ぱああああああああっ。と、辺りが光に満ちて、志織の上に覆い被さっていたロベルトが姿を消した。


「ロベルト? ロベルト?」


 ベットの上に起き上がって、姿を消したロベルトを捜す志織の視界に入って来たのは、黒い大きな犬のような猫。

 昨晩、志織に襲いかかって来た豹の仲間だ。と、思ったら喉が震えた。志織は絶叫した。


「きゃああああああああああああああ!」


「落ち着いて。リー」


「えっ。黒豹がしゃべった? えっ? りーってなんでわたしの?」


 戸惑う志織に黒豹が近付いて来る。ベットの上で腰が引けている志織に黒豹が話しかけて来た。


「ぼくだよ。リー。ぼくだ。ロベルトだ」


「ええっ」


 今度は別の意味で志織は驚いた。


「どうしてロベルトが黒豹に? あなたまさか獣人だったの?」


「嫌‥その…何が何だかぼくにも分からないんだが?」


(ああっ。忘れてた!)


 志織はひとつ思い出した事があった。魔王マーカサイトが攫われたと聞いた晩、少年神ユミルに会い、彼に一つ力を授けてもらったのだ。


 それは志織が願った相手が動物の姿に変わるというものでもし、今後何かあった時の場合の為に保険としてもらっていた力だった。ユミルはもっと別の力を欲しがったらどうだ。と、言っていたのだ。

 それがこのように発動してしまうとは思いもしなかった。志織はおろおろと黒豹の身体を撫でまわしながら毛並みが良いな。などと考えていた。


「ごめんなさいね、ロベルト。きっとこれはわたしのせい。ああ、どうしよう‥どうしたら元の姿に戻るのかしら?」


「大丈夫だよ。リー。この姿もなかなか良いものだろう? きみの傍にいるにはこの姿の方が‥」


 ロベルトの話を最後まで聞かないうちに、部屋に飛び込んで来た者がいた。志織はガウンを急ぎ羽織った。


「どうなさいました? 聖女さまっ」


「聖女さま。如何なさいました?」


「聖女っ」


(うわあ。どうしよう。この人達、わたしの悲鳴を聞いて駆け付けたんだ)


 グライフとベーアリ、マーカサイトが駆け付けていた。志織はベットの上で身をすくませるしかない。マーカサイトが用心深く部屋のなかを見回していた。


「どうしたのだ?」


「あ。
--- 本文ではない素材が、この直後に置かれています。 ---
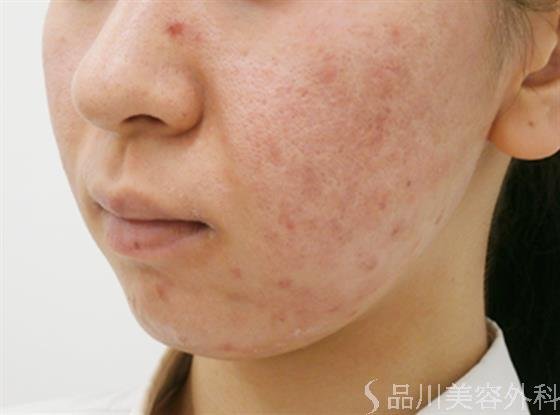 症例NO.30674のBEFORE写真
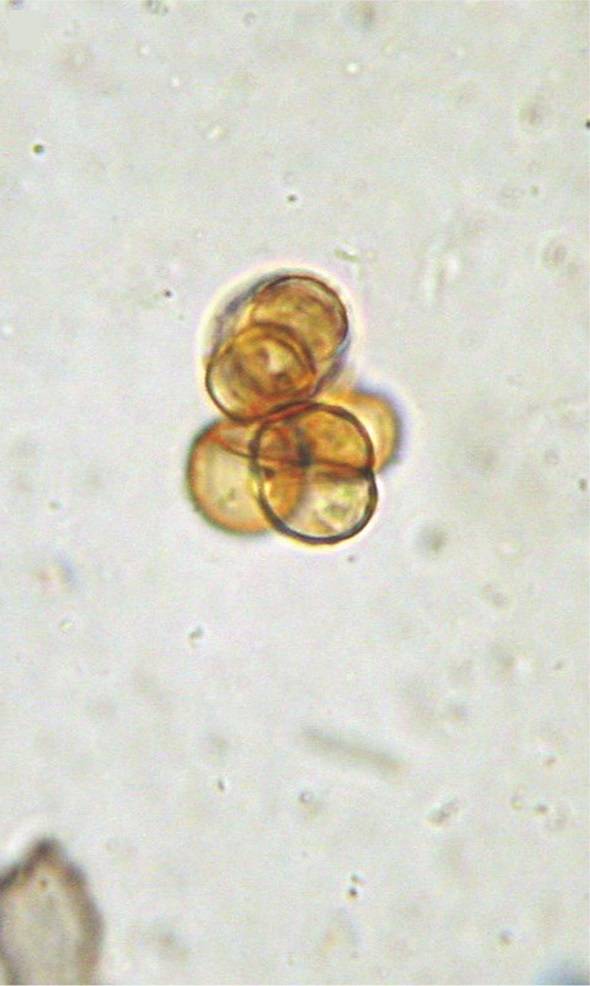 Examination of a skin scraping prepared with 10% potassium hydroxide revealed pigmented, thick-walled, multicellular structures known as Medlar bodies (also called sclerotic cells), a finding that suggested chromoblastomycosis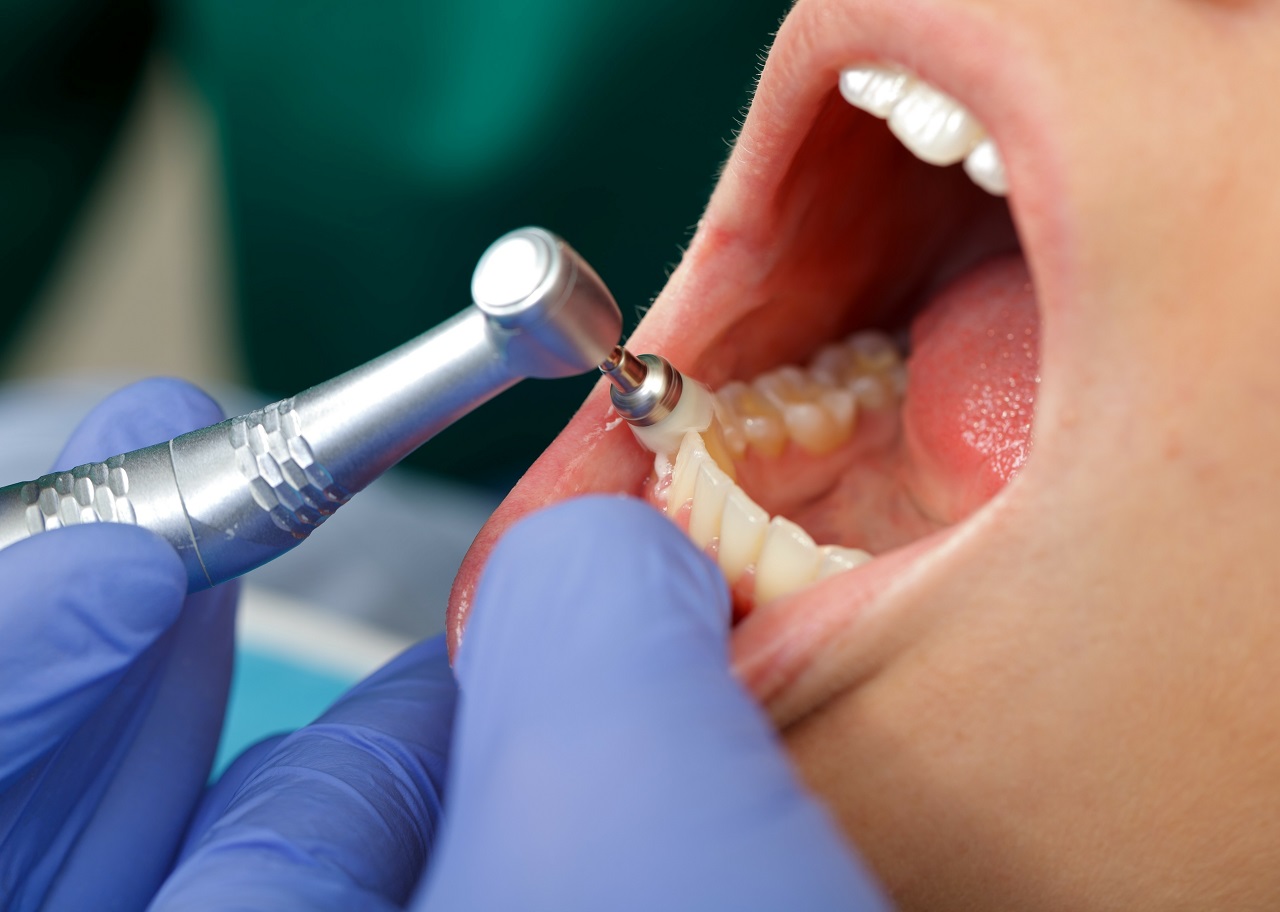 Stomatolog – w jaki sposób może utrzymać Twoje zęby w dobrym i zdrowym stanie?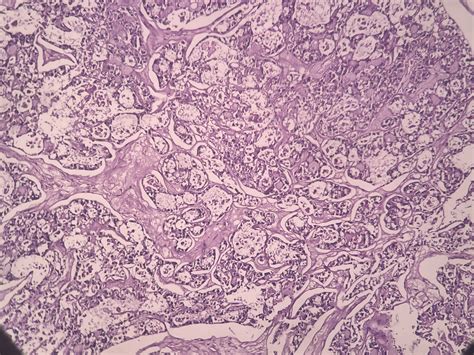 CLEAR CELL CARCINOMA OVARY – Histopathology.guru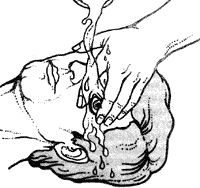 1. Лейте воду на глаз пострадавшего от внутреннего угла к внешнему в течение 10 мин.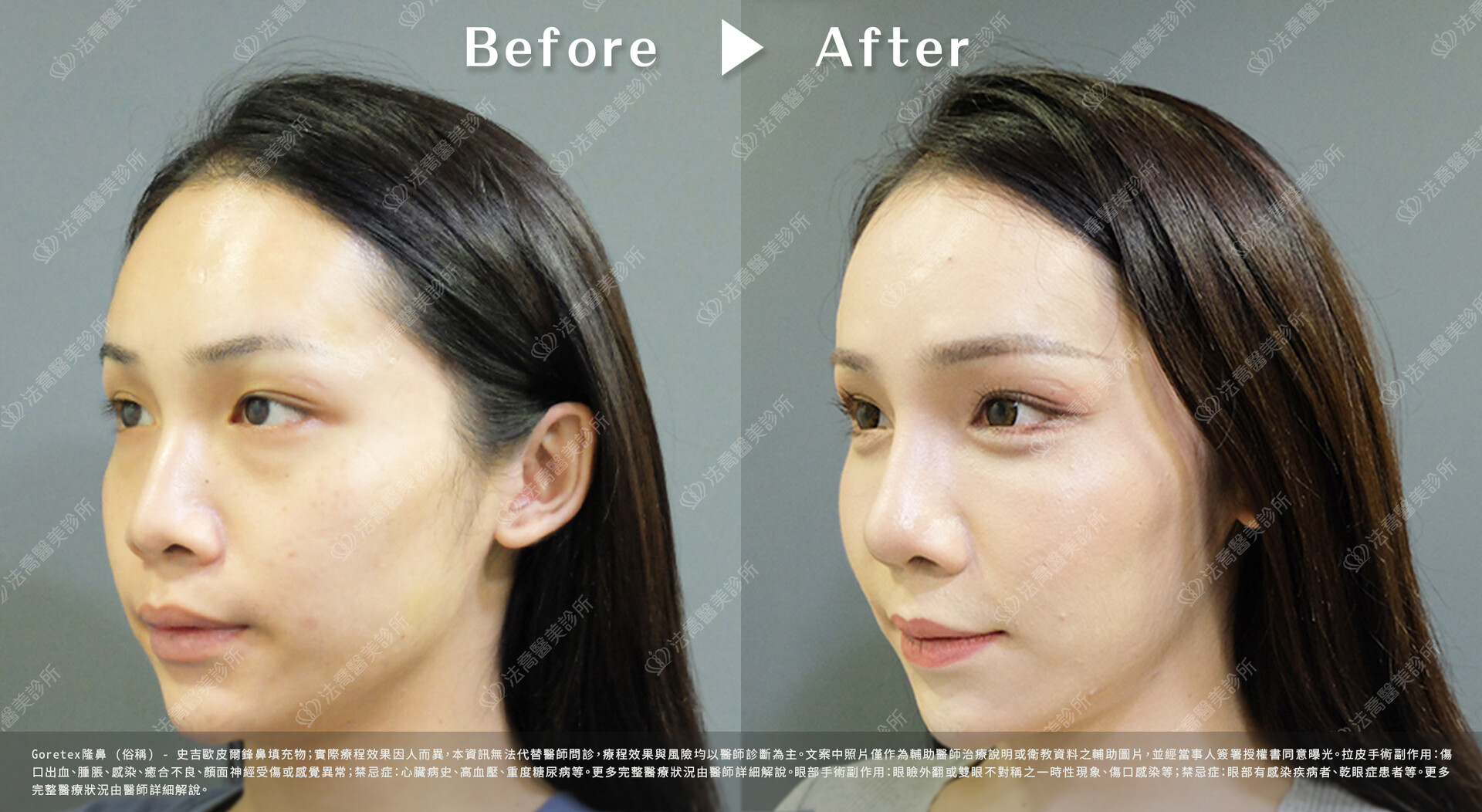 goretex隆鼻,法喬醫美診所,邱浚彥
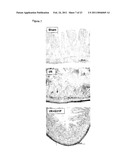 Uses of Modified ELR-CXC Chemokine G31P diagram and image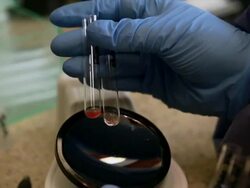 Lab Samples Stock Footage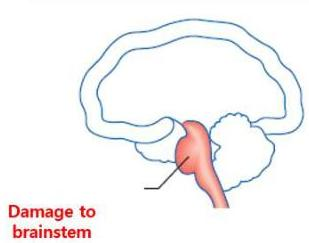 Brainstem damage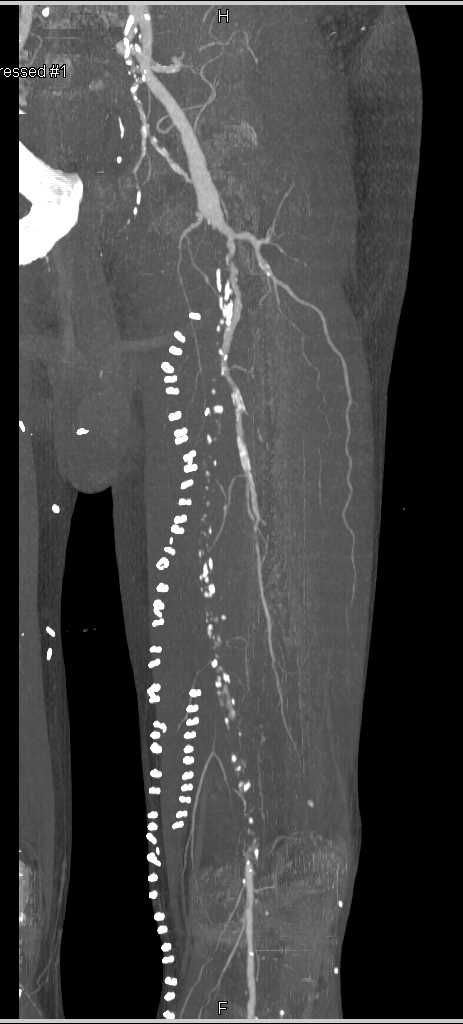 SFA Occlusion with Failed Grafts - CTisus CT Scan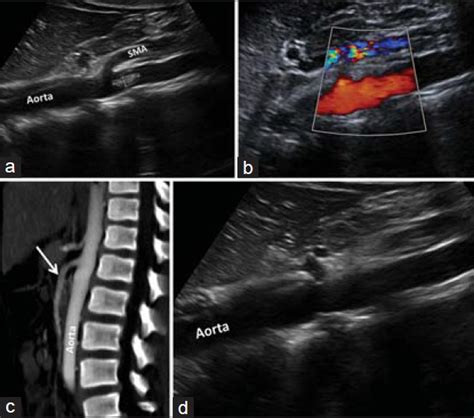 Superior Mesenteric Artery-Related Aortic Pseudomass as a Form of ...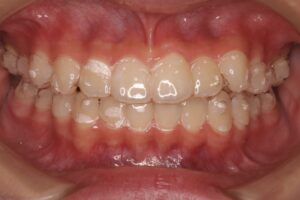 2期治療のマウスピース矯正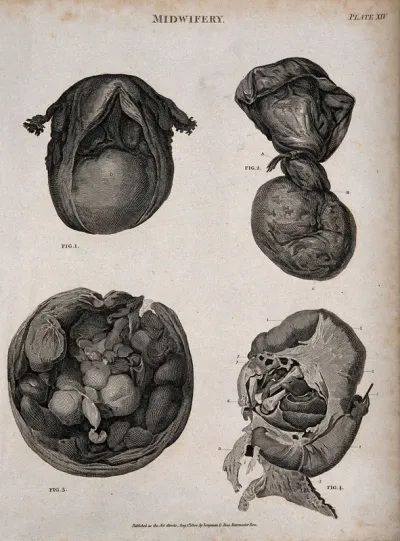 Four diagrams of the abnormal female uterus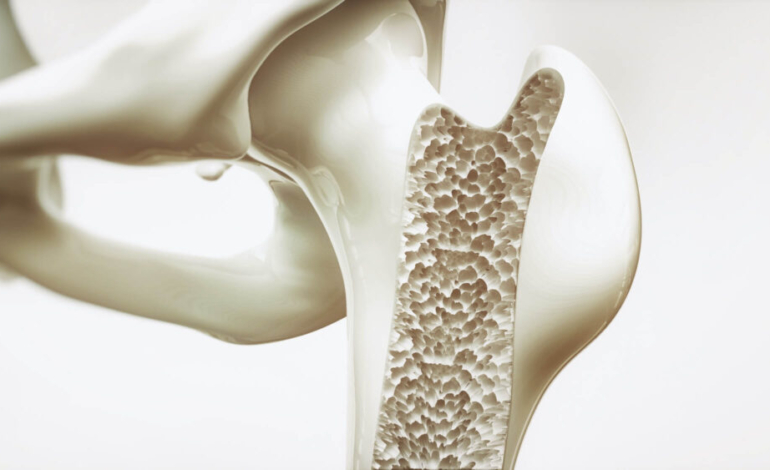 la-importancia-del-tratamiento-de-la-osteoporosis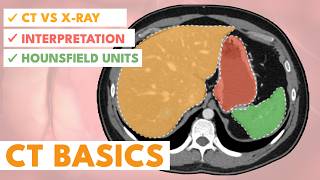 An introduction to CT scans (1/2) | A beginner's Guide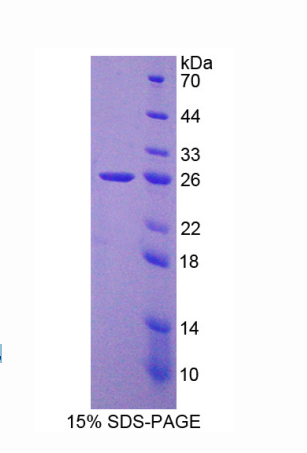 染色质装配因子1亚基B(CHAF1B)重组蛋白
その、ごめんなさい。わたしの勘違いだったというか…」


 志織が誤魔化そうとすると、マーカサイトは目ざとく寝台の上の黒豹を見つけた。訝しげな目をグライフに向けた。


「こやつは何だ? グライフ?」


「この子はね、あの‥迷い込んで来たみたい。だから初め、ちょっとびっくりしたけど、お願い、グライフ。追い出さないで。わたしこの子気にいったわ」


 志織は慌てて黒豹を抱きしめ言った。ロベルトを追い出されては困る。彼は自分が黒豹の姿に変えてしまったのだから。自分の側から引き離されても困るのだ。


(お願い。グライフ)


 志織の願いが聞こえたのだろうか? グライフは志織と黒豹を見て、にやりと口角をあげて言った。


「そうですか? そんなに聖女さまはベンのことを気にいって下さりましたか? それはようございました。ではベンは聖女さまにお預けすると致しましょう。さあ、ベーアリ、マーカサイトさま。お部屋に戻ると致しましょうか」


「待て、グライフ。我の質問に答えてないぞ。どういうことだ? あの黒豹は…」


「さっ、お邪魔虫は退散致しましょうね」


 マーカサイトの背を押して、グライフは嬉々として部屋を退出して行った。志織に話を合わせてくれたことといい、妙に足取り軽く退出して行ったように思えたがどうしたというのだろう?


 不可解に思う志織を、黒豹になったロベルトが促して来る。


「もう遅い時間だし寝た方がいい。リー、寝よう」


「そうね」


 グライフの行動には不審なものを覚えたものの、逆にロベルトのことを追及されなかったのでまあ、いいか。と、志織は割り切ることにした。

 もう考えるのが面倒くさく思われて来たのもある。寝台に横たわれば、その隣に毛並みの良い黒豹が身を寄せて来た。頭を撫でれば頬をぺろりと舐められた。


「お休み。リー」


「お休みなさい。ロベルト」


 志織はさわり心地のよい毛に頬を押し当てて気持ち良さを堪能していたら、いつしか目蓋を下ろしていた。